Hansen’s book enraptured me with charming stories of so many familiar people, places and things and how in fact, life in Warwick maybe hasn’t changed so much over the decades. These vignettes created a longing for me to move back to Warwick and leave the big city. Eventually, the gravitational pull of Warwick was too strong to resist, and two years ago my husband, Kory, and I purchased an 1850s farmhouse on the outskirts of Edenville and left the city behind for good.
Since then, Hansen’s tales reverberate in my mind as we have so many local-living experiences that seem torn right from his pages. This sentiment is what inspired me to continue the legacy of the Trail Sketches column; to write short little windows into the people, places and things that make Warwick unique. I strive to keep the voice and tone of Hansen’s writings, a style easily suited to my own. And like Hansen’s original Trail Sketches, who knows how regular or irregular this column may be. I will allow the inspiration of Warwick living to work its magic. At best, I’d like to be another voice in the long line of writing about the simple nouns of Warwick.
Redeemed by the Lamb
It is said that March is in like a lion and out like a lamb and this couldn’t have been more evident than at Will and Barbara Brown’s Lowland farm on Prices Switch Rd. On a seasonably warm late March day, we went to look at the hundred or so just-born lambs, frolicking, resting, baaaaahing and nibbling about the fenced in fields at the foot of the road.

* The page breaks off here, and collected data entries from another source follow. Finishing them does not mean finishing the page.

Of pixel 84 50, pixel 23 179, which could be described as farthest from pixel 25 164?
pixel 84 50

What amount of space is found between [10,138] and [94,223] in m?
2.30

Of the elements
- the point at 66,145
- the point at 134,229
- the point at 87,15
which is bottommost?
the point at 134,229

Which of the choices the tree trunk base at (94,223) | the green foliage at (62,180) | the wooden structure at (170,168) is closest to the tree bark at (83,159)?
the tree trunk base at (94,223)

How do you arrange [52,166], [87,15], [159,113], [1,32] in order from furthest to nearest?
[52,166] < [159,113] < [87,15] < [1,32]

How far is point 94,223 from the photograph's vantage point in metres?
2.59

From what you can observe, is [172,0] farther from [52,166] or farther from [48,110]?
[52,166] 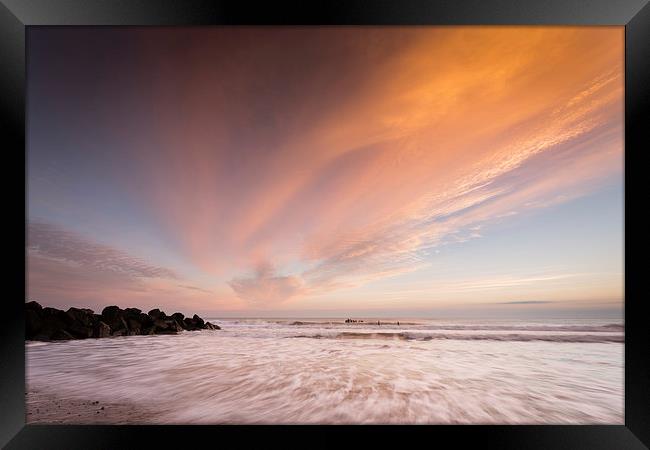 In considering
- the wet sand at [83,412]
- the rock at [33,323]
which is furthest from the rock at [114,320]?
the wet sand at [83,412]

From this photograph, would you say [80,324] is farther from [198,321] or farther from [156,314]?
[198,321]

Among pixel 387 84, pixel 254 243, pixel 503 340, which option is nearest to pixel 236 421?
pixel 254 243

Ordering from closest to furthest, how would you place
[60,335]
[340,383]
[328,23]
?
[328,23]
[340,383]
[60,335]

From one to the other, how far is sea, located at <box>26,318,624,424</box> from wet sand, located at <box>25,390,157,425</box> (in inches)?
2.7

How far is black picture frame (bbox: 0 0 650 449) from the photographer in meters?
1.63

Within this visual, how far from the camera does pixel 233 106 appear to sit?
2.96 metres

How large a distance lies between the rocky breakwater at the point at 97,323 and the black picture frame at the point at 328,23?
342 cm

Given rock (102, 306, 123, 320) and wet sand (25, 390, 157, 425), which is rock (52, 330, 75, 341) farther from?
wet sand (25, 390, 157, 425)

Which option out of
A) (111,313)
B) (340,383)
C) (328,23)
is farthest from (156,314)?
(328,23)

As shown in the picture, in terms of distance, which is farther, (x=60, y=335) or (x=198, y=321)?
(x=198, y=321)

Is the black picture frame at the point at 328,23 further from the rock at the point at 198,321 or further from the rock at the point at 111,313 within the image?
the rock at the point at 198,321

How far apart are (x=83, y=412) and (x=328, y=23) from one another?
134 inches

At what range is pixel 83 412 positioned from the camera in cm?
A: 199

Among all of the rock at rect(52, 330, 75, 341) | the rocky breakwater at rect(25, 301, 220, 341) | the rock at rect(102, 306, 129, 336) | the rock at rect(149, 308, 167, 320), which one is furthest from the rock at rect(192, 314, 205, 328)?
the rock at rect(52, 330, 75, 341) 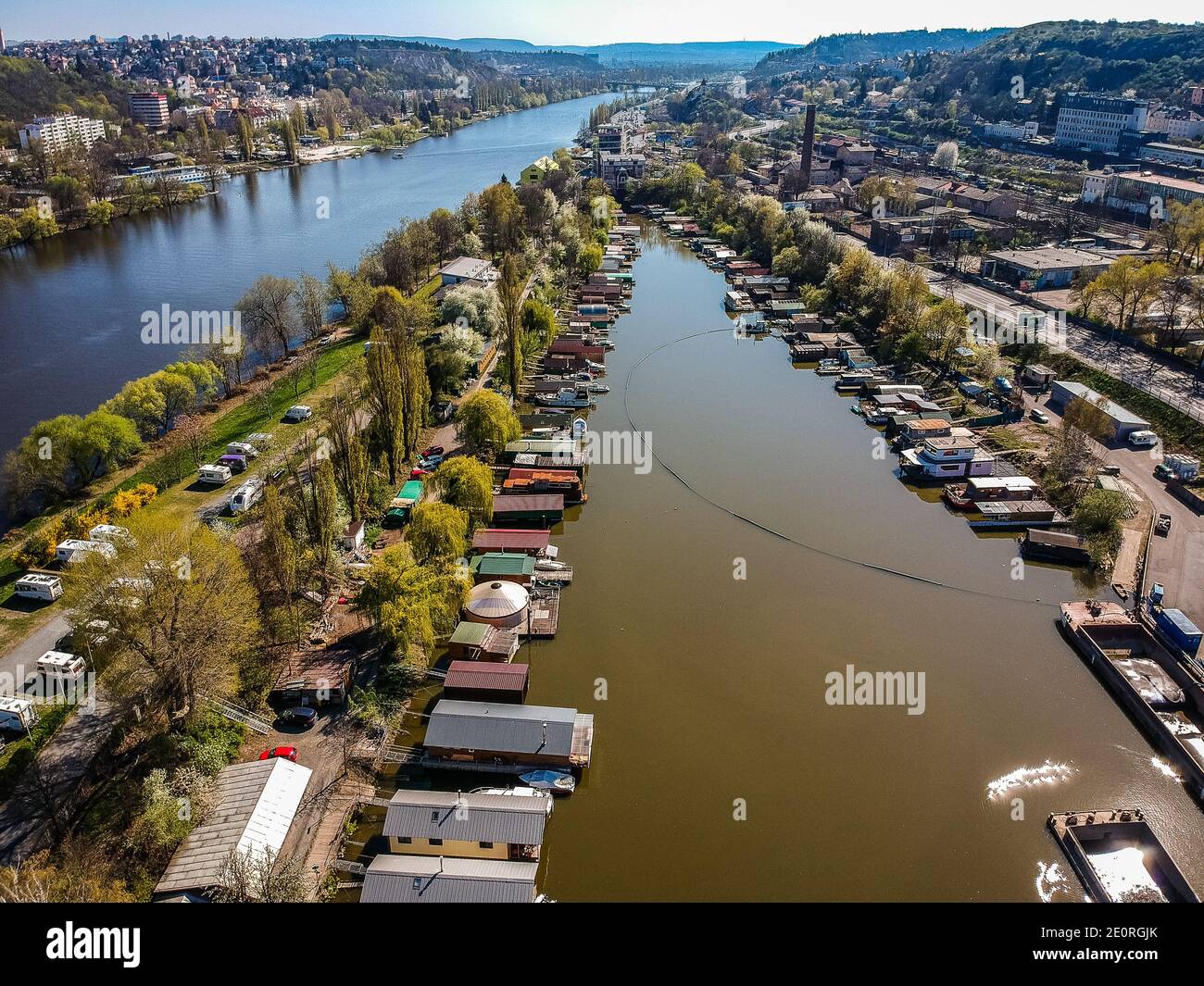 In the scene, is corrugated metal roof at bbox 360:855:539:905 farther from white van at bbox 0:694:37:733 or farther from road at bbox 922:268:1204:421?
road at bbox 922:268:1204:421

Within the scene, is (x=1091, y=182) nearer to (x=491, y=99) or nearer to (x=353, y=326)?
(x=353, y=326)

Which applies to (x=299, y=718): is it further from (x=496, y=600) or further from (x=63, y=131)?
(x=63, y=131)

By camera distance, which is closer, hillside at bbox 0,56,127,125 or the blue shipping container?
the blue shipping container

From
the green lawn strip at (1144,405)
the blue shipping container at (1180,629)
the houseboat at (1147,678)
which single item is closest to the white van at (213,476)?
the houseboat at (1147,678)

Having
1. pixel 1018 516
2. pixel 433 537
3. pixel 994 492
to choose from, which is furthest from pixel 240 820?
pixel 994 492

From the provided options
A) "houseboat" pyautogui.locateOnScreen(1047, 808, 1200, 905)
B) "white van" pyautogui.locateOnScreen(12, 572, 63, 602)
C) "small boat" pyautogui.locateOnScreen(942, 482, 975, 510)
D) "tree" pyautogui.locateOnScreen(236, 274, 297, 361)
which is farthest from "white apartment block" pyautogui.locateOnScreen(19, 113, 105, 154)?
"houseboat" pyautogui.locateOnScreen(1047, 808, 1200, 905) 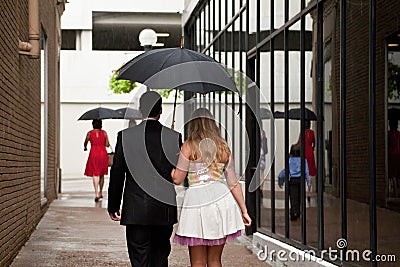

The sound of so many lambs and their mothers, all making such strange and insouciant noise, is almost laughable. In fact, I did laugh – many times. You simply couldn’t help it, like the nervous laughter during an inopportune moment. These farm animals, so content and without a care, betrayed the uncertainties and pain so evident in the world today. However, being in the presence of those lambs, I don’t think I’d seen anything as peaceful and hopeful in so many weeks.
It occurred to me the reason that Jesus is often referred to as a lamb, or that lambs are a symbol of Easter. There is hope and peace in those small animals; there is a will to live and a sans souci joy to them. Warwick farms at springtime always hold a spirit of renewal as we see old man winter grab up his worn-out garb and go and the delicate lamb of spring born into longer sunlit days.